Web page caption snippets
==================================================
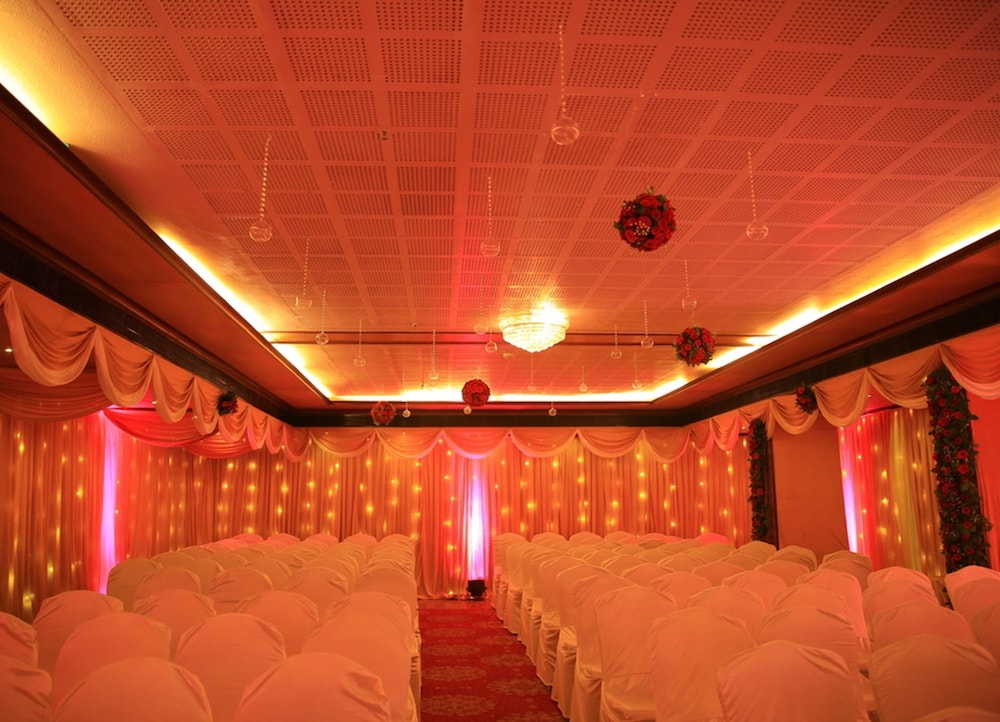 classic sarovar portico thiruvananthapuram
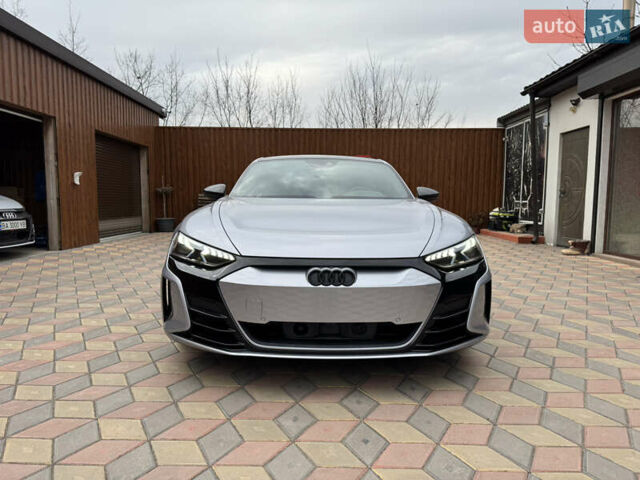 Серый Ауди e-tron GT, объемом двигателя 0 л и пробегом 4 тыс. км за 58900 $, фото 1 на Automoto.ua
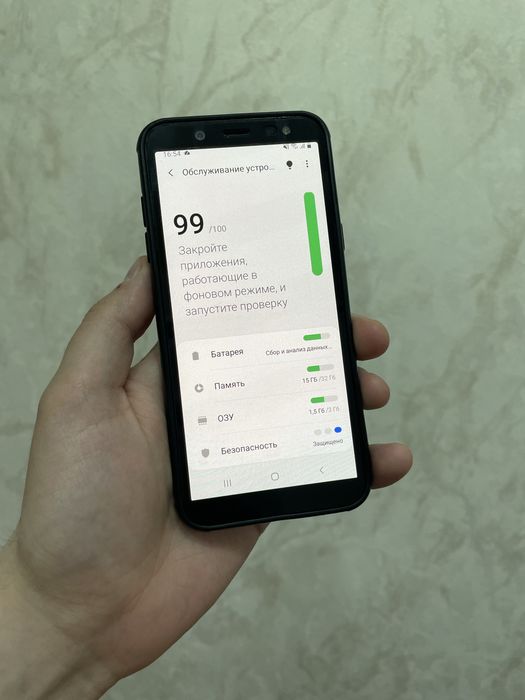 Продам Samsung A6. 3/32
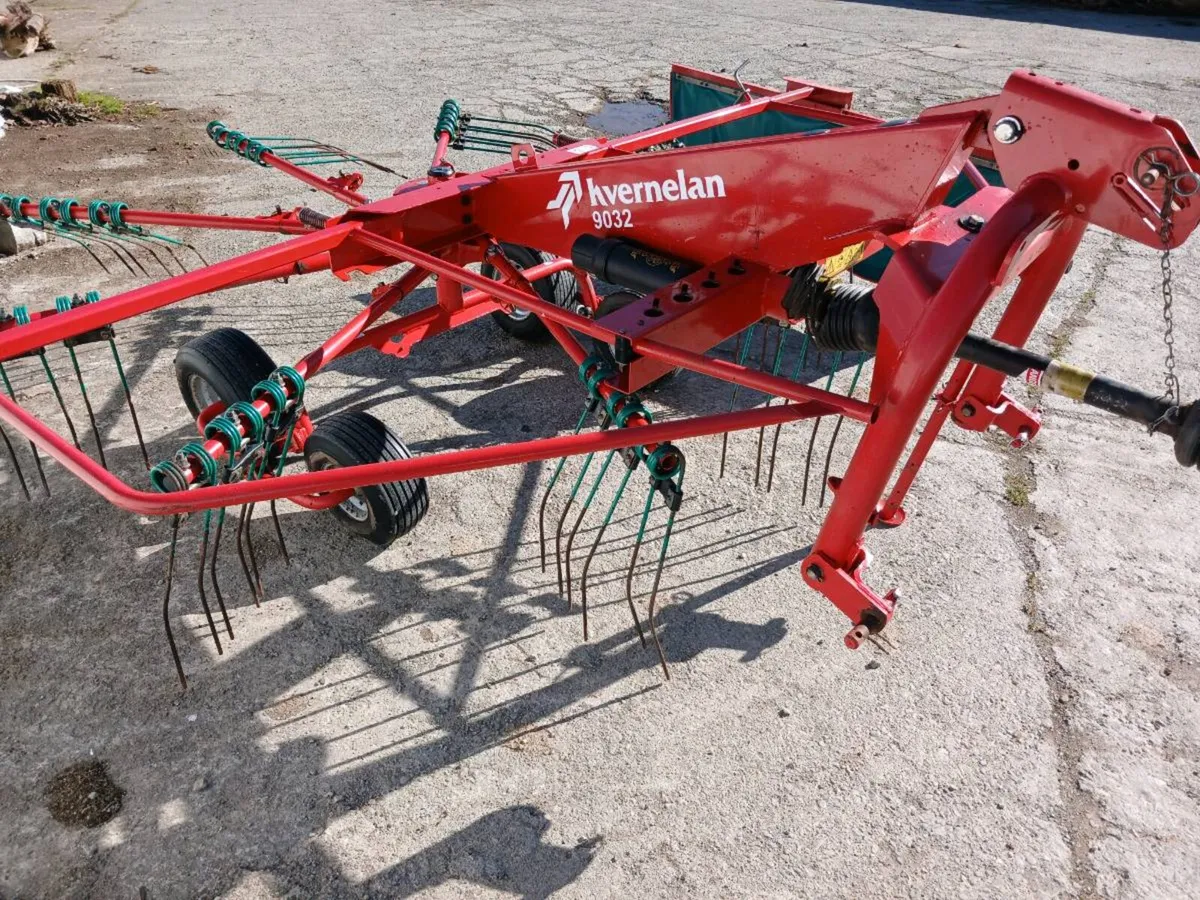 Kverneland single rotor rake - Image 4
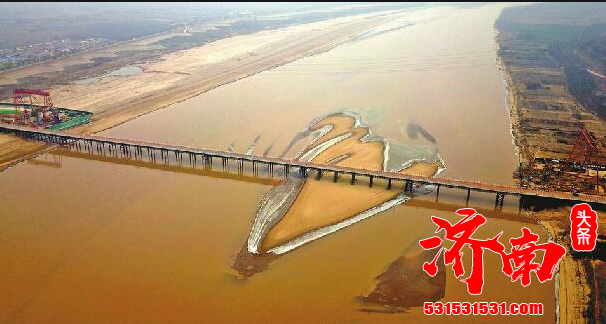 齐鲁黄河大桥是济南市在建的第十一座跨黄大桥 也是跨黄三桥一隧工程的重要组成部分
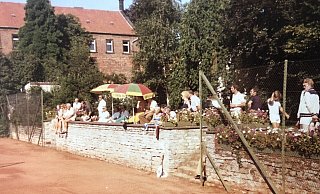 Eine besondere Zeit und obendrein eine Atmosphäre, um sowohl beim Sport als auch neben den Tennisplätzen, wie sie hier in den 1970er Jahren noch hinter dem Gasthof Brune in der Innenstadt lagen, Glückshormone zu produzieren. - Nicole Donath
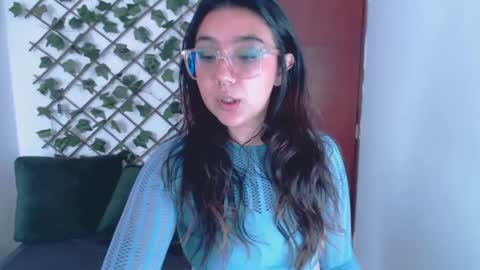 Snapshot of marce_bunny chatting on 09.29.25 Marcela online show from 09.29.25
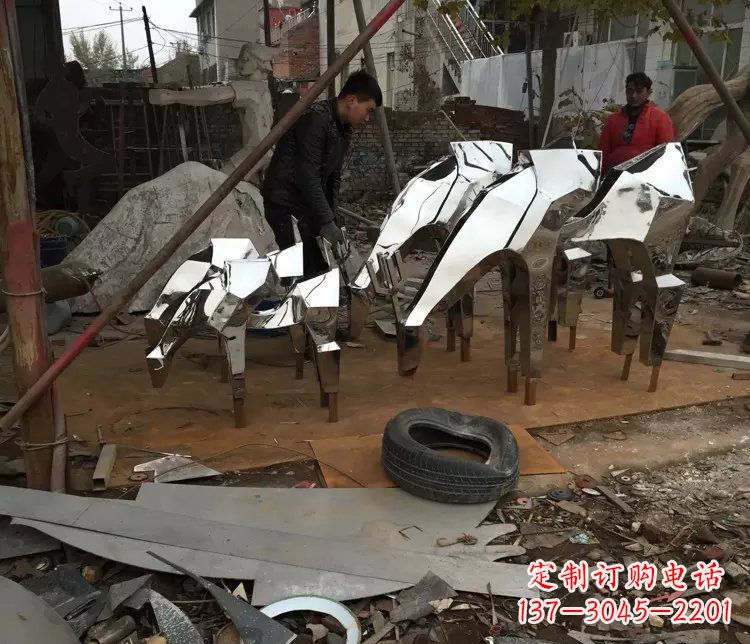 泰州不锈钢动物雕塑精美外形,经久耐用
==================================================
:: Exercise goal ::
Give the entries again word for word, but skip the pictures.

:: Result of the exercise ::
 classic sarovar portico thiruvananthapuram
 Серый Ауди e-tron GT, объемом двигателя 0 л и пробегом 4 тыс. км за 58900 $, фото 1 на Automoto.ua
 Продам Samsung A6. 3/32
 Kverneland single rotor rake - Image 4
 齐鲁黄河大桥是济南市在建的第十一座跨黄大桥 也是跨黄三桥一隧工程的重要组成部分
 Eine besondere Zeit und obendrein eine Atmosphäre, um sowohl beim Sport als auch neben den Tennisplätzen, wie sie hier in den 1970er Jahren noch hinter dem Gasthof Brune in der Innenstadt lagen, Glückshormone zu produzieren. - Nicole Donath
 Snapshot of marce_bunny chatting on 09.29.25 Marcela online show from 09.29.25
 泰州不锈钢动物雕塑精美外形,经久耐用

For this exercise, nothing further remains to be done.